性玩具の特許出願について

2025/12/17
2025/12/17

中国専利法第五条第1項への挑戦における対応戦略と実践

はじめに

性玩具の中国における特許出願は、審査過程において特有の課題に直面しています。中国専利法第五条第1項では、「国の法律、社会公衆道徳に反する、又は公共の利益を害する発明創造に対しては、特許権を付与しない」と規定されています。この条項は性玩具産業における特許出願の重要な障壁となっています。社会の意識が次第に開放され、性玩具産業が発展する中で、この条項を正確に理解し対応することは、この分野における企業や発明者の革新的な成果を保護する上で極めて重要であると考えます。

中国専利法第五条第1項の理解

中国専利法第五条第1項は、特許を受ける発明創造が社会の基本的な価値指向に合致することを保証することを目的としています。ここでいう、「法律に反する」とは、一般的には、発明創造そのものの目的が法律で禁止されていることを指します。「社会公衆道徳に反する」とは、発明創造が社会で普遍的に認められている道徳観念や行動規範に反することを指します。「公共の利益を害する」とは、発明創造の実施または使用が公衆または社会に損害をもたらし、国家および社会の正常な秩序に影響を与えることを指します。
性玩具の特許出願の場合、審査は主に社会公衆道徳に反するかどうかに焦点が当てられます。

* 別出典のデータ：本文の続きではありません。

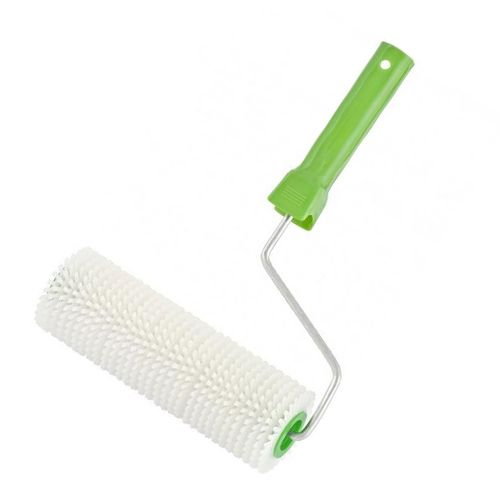 Валик игольчатый 200 мм СИБРТЕХ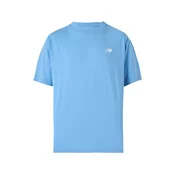 new balance Majica Essential azur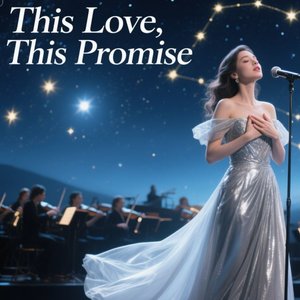 This Love, This Promise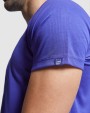 ROLY IMOLA T-Shirts personalisierbar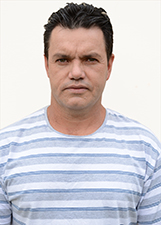 Foto de ANTÔNIO BORGES DE MORAIS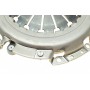 Комплект зчеплення Mazda 6 2.0/2.3 02-07 (d=230mm) (+вижимний)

社会道徳は不変的なものではなく、社会の発展や文化的概念の変化とともに進化します。
異なる歴史的時期や地域環境において、同一種類の発明創造が社会公衆道徳に反するかどうかの判断は異なる場合があります。たとえば、過去には性に関する特定の製品や技術が社会公衆道徳に著しく反していると考えられていたかもしれませんが、現代社会では、性的健康に対する人々の態度が徐々に自由化されるにつれて、こうした製品への受容度が高まっています。

性玩具に関する特許出願の事例分析

某テクノロジー企業は、2021年11月26日に「マッサージ機構及びマッサージ器」(出願番号2021229397679)と題する実用新案を出願しました。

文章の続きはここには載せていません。